■ Exercise objective
Return every line of the entries that includes the word "Photo".

■ Information given
----

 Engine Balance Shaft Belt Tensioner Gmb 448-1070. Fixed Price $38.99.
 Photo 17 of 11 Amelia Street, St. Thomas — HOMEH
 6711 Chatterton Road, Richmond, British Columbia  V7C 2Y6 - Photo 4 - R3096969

----

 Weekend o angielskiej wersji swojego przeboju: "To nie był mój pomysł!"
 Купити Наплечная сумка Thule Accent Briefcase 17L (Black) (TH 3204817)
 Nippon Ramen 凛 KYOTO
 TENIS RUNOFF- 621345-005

----

■ Completed task
 Photo 17 of 11 Amelia Street, St. Thomas — HOMEH
 6711 Chatterton Road, Richmond, British Columbia  V7C 2Y6 - Photo 4 - R3096969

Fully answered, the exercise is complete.